’Tis the Season to Sling Your Jollies!

Doesn’t work rhetorically, but still cute AF

Yippee ki yay, motherfuckers! It’s that magical time of year where we massacre some trees! And not just the ones in our living rooms that we festoon with lights, colorful glass, and pre-school paper-crafts. I’m talking about the 1.6 billion Christmas cards that Americans send annually.

Your Millennial friends—especially the ones with babies—check their address books once and check them twice to decide who is worthy of murdering a small forest with Minted or Shutterstock. 

It’s tough picking the best pictures of their two children, ages 2 and 4, because to the parents, each cherubic photo is a precious gift to the universe.  Jessica, the proud working mom, pours herself a generous glass of pinot grigio and types up a double-sided, four-page update on their family’s activities, including gems such as:

Mason will play ‘townsperson’ and ‘third sheep’ in our church nativity play. He’s such a talented actor! His daddy predicts that he will attend USC’s theater program. Fight on for ‘ol SC, Mason, class of 2038!

… Arya picked up a green cube and placed it into the square-shaped hole. Our nanny says she has never seen such a brilliant child! We believe that our budding genius is on the path to becoming an engineer or a tech entrepreneur. Watch out world!

“And me? I’m just happy with my pilates, açaí bowls, crafting, church volunteer activities, and gorgeous children. #Blessed!

After typing up the letter, Jessica wonders why she never sees her friends anymore, quietly resents her husband for gaining 50 lbs. since their wedding, and pours herself another glass of pinot to prepare for an epic Amazon gift-shopping sesh. Her husband is too busy “managing” his four Fantasy Football teams—it’s the playoffs, babe!—but he promises to take her to a fancy dinner if he wins all of his leagues.

Gen X parents are having an even tougher time with holiday missives. After a grueling day of work, the couple sits down with double martinis and wonders how to best cover their family’s 2019: 

“Honey, should we include that Nick now goes by ‘Nichola?’ Will that freak out Grandpa Pete?”

“I wouldn’t risk it. We don’t want to be thrown out of our church or worse, out of our inheritance.”

 “Shit, ok. And I couldn’t find a recent picture of Nick without a dress on so I used the one from two years ago. Dad won’t know the difference.”

“Gotcha. What about Em? I feel like we’ve barely talked since we dropped her off at Pepperdine. Except when she needs money, of course…”  *labored parental sigh*

Of course, sending greeting cards isn’t the only way Americans peacock this time of year. There are also these jolly assholes: the Instagram influencers with bells on their bobtails. 
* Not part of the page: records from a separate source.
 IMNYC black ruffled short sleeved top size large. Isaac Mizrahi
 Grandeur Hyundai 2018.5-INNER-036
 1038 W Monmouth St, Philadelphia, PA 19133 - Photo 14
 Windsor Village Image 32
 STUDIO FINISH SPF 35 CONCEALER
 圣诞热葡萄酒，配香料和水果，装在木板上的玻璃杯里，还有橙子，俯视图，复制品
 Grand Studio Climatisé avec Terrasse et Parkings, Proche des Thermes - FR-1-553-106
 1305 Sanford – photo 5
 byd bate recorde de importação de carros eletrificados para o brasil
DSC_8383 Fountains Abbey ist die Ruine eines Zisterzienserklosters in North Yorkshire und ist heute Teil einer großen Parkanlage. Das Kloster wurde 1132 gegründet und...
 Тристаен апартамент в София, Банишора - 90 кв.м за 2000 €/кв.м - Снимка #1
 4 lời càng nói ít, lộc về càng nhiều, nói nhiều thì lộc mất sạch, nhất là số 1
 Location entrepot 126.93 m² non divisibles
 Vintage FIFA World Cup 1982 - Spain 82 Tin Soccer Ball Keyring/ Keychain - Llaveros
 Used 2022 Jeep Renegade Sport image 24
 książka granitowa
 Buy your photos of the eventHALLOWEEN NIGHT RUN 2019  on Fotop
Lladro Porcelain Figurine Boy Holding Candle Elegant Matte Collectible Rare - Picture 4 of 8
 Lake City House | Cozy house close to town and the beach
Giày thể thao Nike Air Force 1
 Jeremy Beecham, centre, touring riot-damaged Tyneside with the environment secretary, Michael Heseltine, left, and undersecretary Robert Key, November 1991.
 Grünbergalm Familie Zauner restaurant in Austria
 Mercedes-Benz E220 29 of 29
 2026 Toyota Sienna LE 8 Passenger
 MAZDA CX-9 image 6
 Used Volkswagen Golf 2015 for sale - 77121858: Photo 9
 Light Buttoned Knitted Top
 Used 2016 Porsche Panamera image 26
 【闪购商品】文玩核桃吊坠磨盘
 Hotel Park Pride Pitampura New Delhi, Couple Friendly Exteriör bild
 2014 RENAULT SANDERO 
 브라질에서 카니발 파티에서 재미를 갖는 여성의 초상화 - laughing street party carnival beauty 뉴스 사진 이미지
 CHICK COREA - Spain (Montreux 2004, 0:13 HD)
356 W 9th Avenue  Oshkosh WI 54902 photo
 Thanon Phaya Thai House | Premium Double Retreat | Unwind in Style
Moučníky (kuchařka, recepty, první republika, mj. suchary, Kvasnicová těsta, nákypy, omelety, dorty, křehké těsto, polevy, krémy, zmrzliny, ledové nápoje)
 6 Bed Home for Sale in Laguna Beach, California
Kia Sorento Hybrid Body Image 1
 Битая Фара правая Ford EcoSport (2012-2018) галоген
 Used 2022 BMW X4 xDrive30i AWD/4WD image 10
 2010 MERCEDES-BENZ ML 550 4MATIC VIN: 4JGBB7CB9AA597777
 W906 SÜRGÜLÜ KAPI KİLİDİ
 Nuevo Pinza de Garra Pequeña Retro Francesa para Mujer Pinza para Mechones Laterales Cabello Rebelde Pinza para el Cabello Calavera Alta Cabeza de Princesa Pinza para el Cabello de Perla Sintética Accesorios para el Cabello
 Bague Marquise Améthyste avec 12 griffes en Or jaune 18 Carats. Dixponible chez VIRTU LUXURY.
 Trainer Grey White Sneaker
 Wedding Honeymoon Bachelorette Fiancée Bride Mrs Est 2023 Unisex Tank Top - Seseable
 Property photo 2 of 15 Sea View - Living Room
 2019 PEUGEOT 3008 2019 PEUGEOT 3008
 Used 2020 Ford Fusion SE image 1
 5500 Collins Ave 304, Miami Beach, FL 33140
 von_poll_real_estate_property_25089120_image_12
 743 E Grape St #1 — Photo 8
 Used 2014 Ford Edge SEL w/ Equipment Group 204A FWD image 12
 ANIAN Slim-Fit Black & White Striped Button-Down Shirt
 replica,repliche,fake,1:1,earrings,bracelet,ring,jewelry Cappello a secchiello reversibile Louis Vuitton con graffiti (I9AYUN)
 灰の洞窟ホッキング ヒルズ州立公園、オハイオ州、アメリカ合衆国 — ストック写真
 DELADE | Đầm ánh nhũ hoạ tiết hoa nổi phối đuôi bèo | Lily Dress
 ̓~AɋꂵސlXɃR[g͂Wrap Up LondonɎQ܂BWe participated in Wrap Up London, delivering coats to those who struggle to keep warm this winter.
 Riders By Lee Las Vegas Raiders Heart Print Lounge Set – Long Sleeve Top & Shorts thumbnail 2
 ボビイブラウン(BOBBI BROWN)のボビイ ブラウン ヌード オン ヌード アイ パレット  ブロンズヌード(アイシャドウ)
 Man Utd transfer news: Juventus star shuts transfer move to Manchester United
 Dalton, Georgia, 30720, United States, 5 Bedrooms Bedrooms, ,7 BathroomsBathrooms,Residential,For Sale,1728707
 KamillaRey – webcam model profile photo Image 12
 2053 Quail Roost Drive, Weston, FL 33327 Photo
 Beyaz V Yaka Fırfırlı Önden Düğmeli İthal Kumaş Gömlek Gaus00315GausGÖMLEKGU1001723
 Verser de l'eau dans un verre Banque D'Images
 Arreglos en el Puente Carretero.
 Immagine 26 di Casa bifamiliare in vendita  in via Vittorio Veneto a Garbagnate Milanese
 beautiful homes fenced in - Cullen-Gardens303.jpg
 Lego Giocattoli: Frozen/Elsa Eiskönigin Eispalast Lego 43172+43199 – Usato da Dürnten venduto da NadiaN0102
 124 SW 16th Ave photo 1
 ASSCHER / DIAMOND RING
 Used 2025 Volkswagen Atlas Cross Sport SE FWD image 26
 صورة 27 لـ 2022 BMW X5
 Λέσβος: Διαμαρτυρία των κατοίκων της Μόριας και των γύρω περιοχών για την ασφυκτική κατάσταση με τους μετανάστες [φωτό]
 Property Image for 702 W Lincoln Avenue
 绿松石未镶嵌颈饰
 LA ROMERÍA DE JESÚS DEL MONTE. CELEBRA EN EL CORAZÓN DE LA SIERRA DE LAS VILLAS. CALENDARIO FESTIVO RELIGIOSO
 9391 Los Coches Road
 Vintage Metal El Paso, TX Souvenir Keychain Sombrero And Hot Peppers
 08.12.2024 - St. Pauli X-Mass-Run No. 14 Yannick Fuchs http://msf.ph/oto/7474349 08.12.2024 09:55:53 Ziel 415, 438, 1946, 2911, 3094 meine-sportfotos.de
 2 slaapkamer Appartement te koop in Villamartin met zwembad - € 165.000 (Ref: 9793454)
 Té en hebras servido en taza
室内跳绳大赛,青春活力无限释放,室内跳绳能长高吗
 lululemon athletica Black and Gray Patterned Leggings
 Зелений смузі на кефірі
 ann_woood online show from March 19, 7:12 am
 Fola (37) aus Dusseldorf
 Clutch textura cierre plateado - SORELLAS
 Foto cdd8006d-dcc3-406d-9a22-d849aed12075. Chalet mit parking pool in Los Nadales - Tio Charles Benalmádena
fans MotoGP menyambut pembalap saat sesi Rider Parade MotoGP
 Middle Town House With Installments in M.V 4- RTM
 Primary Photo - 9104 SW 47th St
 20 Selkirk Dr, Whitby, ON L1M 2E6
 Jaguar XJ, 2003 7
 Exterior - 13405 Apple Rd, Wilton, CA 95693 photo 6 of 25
@kweilz account is endearing enough to vomit

For example, Kate Weiland’s photos incite equal parts envy and disgust. Not only is she gorgeous and fit (strike one), but she has three adorable children and a hot husband who happily play supporting cast in her social media photo flurries (strikes two through five). 

She posts captions such as “Someone doesn’t want to GIFT it a rest! 🎁” and “Talk turkey to me 🍗” which makes me throw up in my mouth a little. 

The Instagram content Krampus is always hungry, always feeding—and Kate fears drifting into irrelevance if she doesn’t keep him satisfied. I wonder how many hours per week her family poses and smiles when they’d rather be doing something else. And with 354,000 followers, have they already quit their jobs to live off sponsored posts for Old Navy and L.L. Bean? I want details on their cookie-cutter cuteness, dammit!

The reality is that a lot of Americans feel the need to flex this time of year, whether it’s through the mass-produced holiday letter or immaculate family photos. It’s stressful to project unending jollies, especially for mothers and wives who are typically tasked with buying gifts, sending cards, and maintaining the family social media presence—not to mention the holiday cooking and thank-you writing. 

Why do men feign incompetence over innocuous tasks like writing letters or wrapping presents? My partner recently fixed our washing machine using only the manual but plays dead if I ask him to take the initiative in buying his mother a gift or fold some wrapping paper around a box. 

I suppose holidays are tied up with the idea of “home”—that most stubborn of womanly spheres. And rather than admit that carrying the emotional labor of the holidays is suffocating, women (myself included) put on a brave face, snap some cute photos for Instagram, and slog on through.

Be extra kind to the ladies in your life this season. Slinging holiday jollies is much harder than managing an imaginary football team (or four).